Le texte présenté par les grandes puissances évoque notamment:
• Les procédures d'inspection: Les inspecteurs internationaux peuvent d'ores et déjà effectuer des contrôles. Mais l'Iran n'est pas signataire du protocole additionnel du Traité de Non Prolifération qui autorise les visites surprises.
• L'arrêt de l'enrichissement à 20%: Cet enrichissement est considéré comme une étape importante vers un enrichissement à des fins militaires (à 90 %). L'enrichissement à 20% est utilisé à des fins médicales (il n'est que de 2 ou 3% pour produire l'électricité).
• La réduction du stock (185 kg d’uranium enrichi à 20 %): plusieurs solutions sont évoquées, transfert à l’étranger, conversion en oxyde ou dégradation à 5 %.
• L'arrêt de la construction de la centrale à eau lourde d'Arak, c'est la France qui a insisté sur ce point, mais aussi le refus de fermer le site souterrain d'enrichissement de Fordo ou l'arrêt du programme plutonium.
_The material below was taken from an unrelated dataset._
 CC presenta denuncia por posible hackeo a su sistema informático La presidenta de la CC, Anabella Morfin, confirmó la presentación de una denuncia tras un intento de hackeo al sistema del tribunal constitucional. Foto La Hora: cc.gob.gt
En échange, les 5+1 s'engagent à
• L'allègement des sanctions économiques: depuis 2002, les Etats-Unis ont imposé des embargos sur les banques et font pression pour réduire toutes les négociations économiques avec l'Iran. De plus, un embargo européen sur le pétrole iranien a été prononcé en septembre 2011.
Les négociations ont-elles une chance d'aboutir?
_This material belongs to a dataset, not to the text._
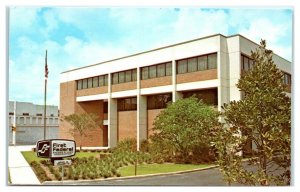 Main Office, First Federal Savings and Loan, Orlando Florida Vintage  Postcard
"Depuis 2002, on a frôlé plusieurs fois la guerre entre les Etats-Unis et l'Iran. Et on n'a jamais été aussi près d'un accord. C'est mieux pour tout le monde qu'ils se reparlent. C'est pour cela que la position de fermeté française a froissé", selon Thierry Coville.
A plusieurs reprises, les négociations ont été totalement bloquées, mais le nouveau président, Hassan Rohani, est mieux disposé que son prédécesseur Mahmoud Ahmadinejad."S'il n'y a pas d'accords, Rohani sera affaibli et d'autres groupes iraniens plus radicaux pourraient en profiter", analyse Thierry Coville. un cas de figure dont personne ne sortirait gagnant.
De très fortes tensions avec Israël en toile de fond
Une nouvelle ombre plane cependant sur ces discussions: l'ayatollah Khamenei a attaqué ce mercredi l'Etat hébreu, le "chien enragé de la région" qui est selon lui "voué à la disparition".
De son côté, l'Etat hébreu, "part du principe que l'Iran est une menace existentielle", comme l'explique Thierry Coville, et fait pression pour que l'accord soit le plus restrictif possible.